- **PROBLEM DETAILS**: From the entries below, write out exactly the lines between the line holding "Caderno Espiral Um Veado Solitário (Frente)" and the line holding "Discover the Simple", inclusive, excluding any pictures.

======== GIVEN INFORMATION

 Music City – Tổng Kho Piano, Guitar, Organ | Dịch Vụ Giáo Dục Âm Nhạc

================
======== GIVEN INFORMATION

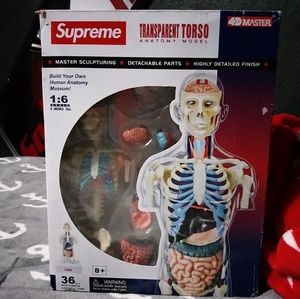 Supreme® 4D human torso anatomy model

================
======== GIVEN INFORMATION

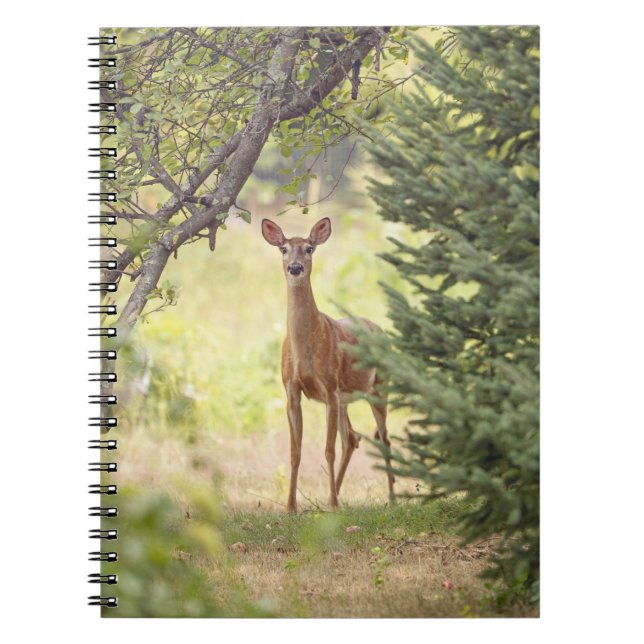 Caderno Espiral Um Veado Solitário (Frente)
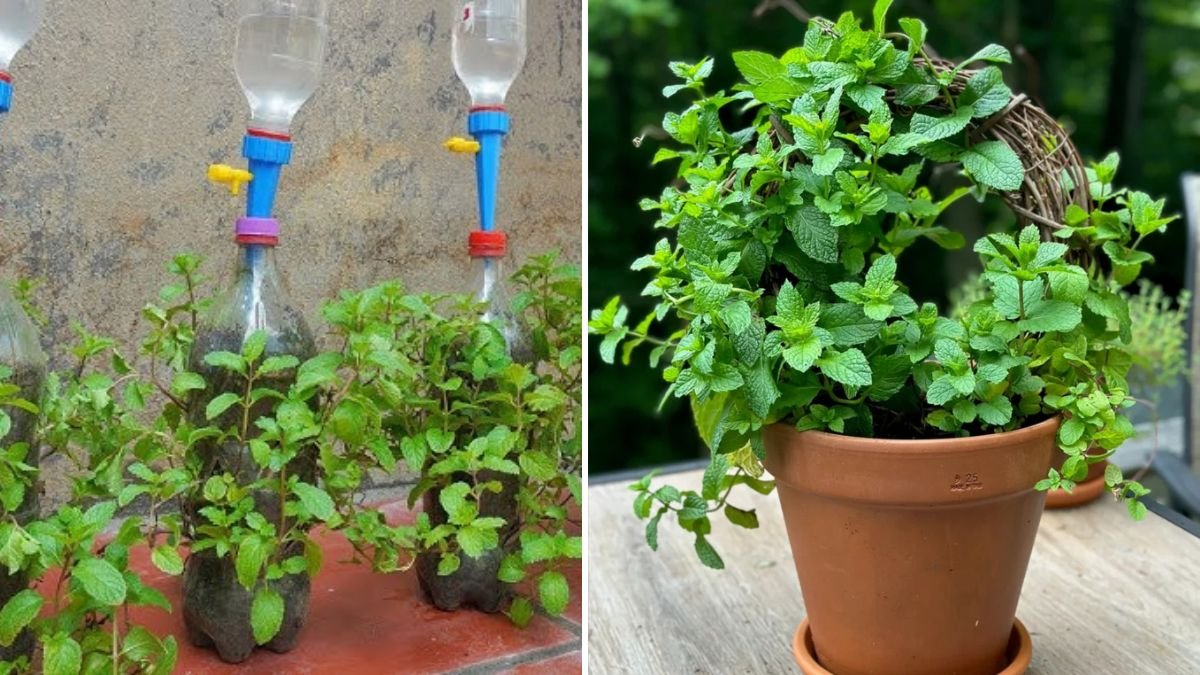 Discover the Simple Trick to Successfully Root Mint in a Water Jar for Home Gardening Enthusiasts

================

- **EXERCISE RESULT**:
 Caderno Espiral Um Veado Solitário (Frente)
 Discover the Simple Trick to Successfully Root Mint in a Water Jar for Home Gardening Enthusiasts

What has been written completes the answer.